ルートが変更されたことを確認し、私たちも本隊へ合流するために進路を変えて動き出した。そのためには、まず追尾してくる複数のパトカーをひとりで止めなければいけない。1台でケツ持ちするようなものだ。
ただ、今乗っている「XJ400D」はフロントブレーキが使えない。しかも視界が薄ぼんやりしていて、まともに前方が見えない。最悪のハンデを背負ってしまった。とはいえ諦めたら、即逮捕なのだ。ここで諦めるわけにはいかない。
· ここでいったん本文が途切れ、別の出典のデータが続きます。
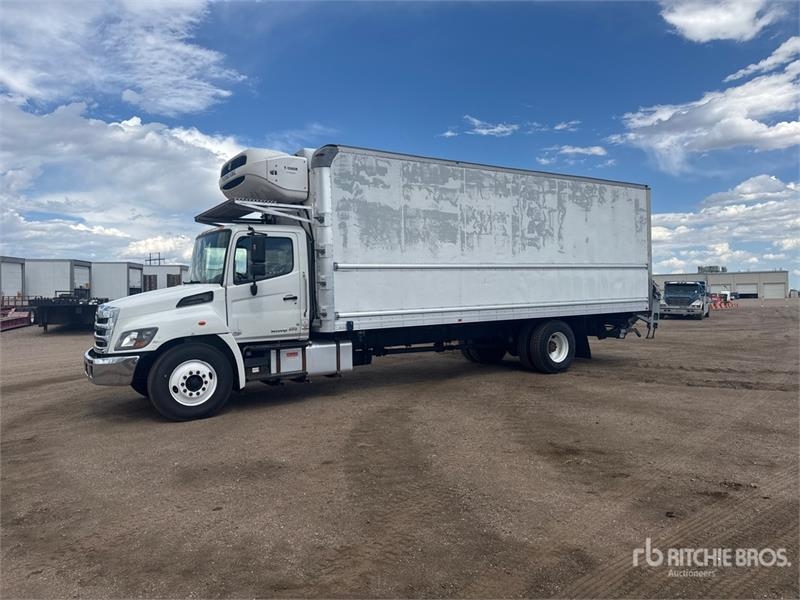 Camion frigorifique Hino 268 — occasion 2020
過激な追い込みをかけるパトカーの窓から身を乗り出し、後方から六尺棒で叩き続ける警官。少しでも気を抜くと道路の隙間を突いて、私たちの前方へと回り込もうとするパトカーの動きから、「パクってやる!」という意地が見られる。こっちだって意地でも負けられない。

私もそれなりの場数を踏んでいるので、そんな追い込みに臆すことはなかった。追尾する複数のパトカーを前にローリングで抗戦する。こんな状況で真っ先にパクられるのは、たいていが警察に、自分の運転に、ビビってしまう者だ。そんなときほど「楽しむ」ことが一番の安全策というのが、経験を踏まえた私なりの持論だ。

ただ、フロントブレーキの効かない単車で抗戦すること、左目がまともに使えないことに若干の恐怖はあった。ケツ乗りの後輩には、私の目の代わりを担ってもらい前方の確認を入念に行わせた。

さらに、警察との攻防に備え持参している鉄パイプを使って、後輩には警察と戦ってもらった。

そんな攻防の末に、ようやく追尾するパトカーを振り切って本隊に合流できた。おそらく、時間にしたらたった数分の出来事だっただろう。それが私には30分にも1時間にも感じられた。

「ようやく落ち着ける……」

本隊へ合流したそんな安堵感も束の間、次なるトラブルが発生した。

――後輪が滑る!?

調子が良かった「XJ400D」のエンジンから、知らぬうちにオイルが漏れていたのだ。漏れたオイルが後輪に絡まり、スリップ現象が起きたのである。リアブレーキを強く踏むとコケてしまうであろう状況に正直混乱した。

(前も後ろも使えねぇ!)

本隊と合流しても、パトカーは執拗に追いかけてくる。

途中途中で先回りしてくるパトカー。

六尺を持って背後から仕掛けてくるパトカー。

封鎖を仕掛けるパトカー。

……今日に限って周りはパトカーだらけ。

対するコチラは絶好調から絶不調に様変わりした「XJ400D」で対抗するしかない。エンブレと緩いブレーキを繰り返し、なんだかんだでパトカーを巻くことに成功したわけだが……。

その後の記憶は無い。翌日、気が付くと特攻服を着たままの状態で自宅で寝ていた。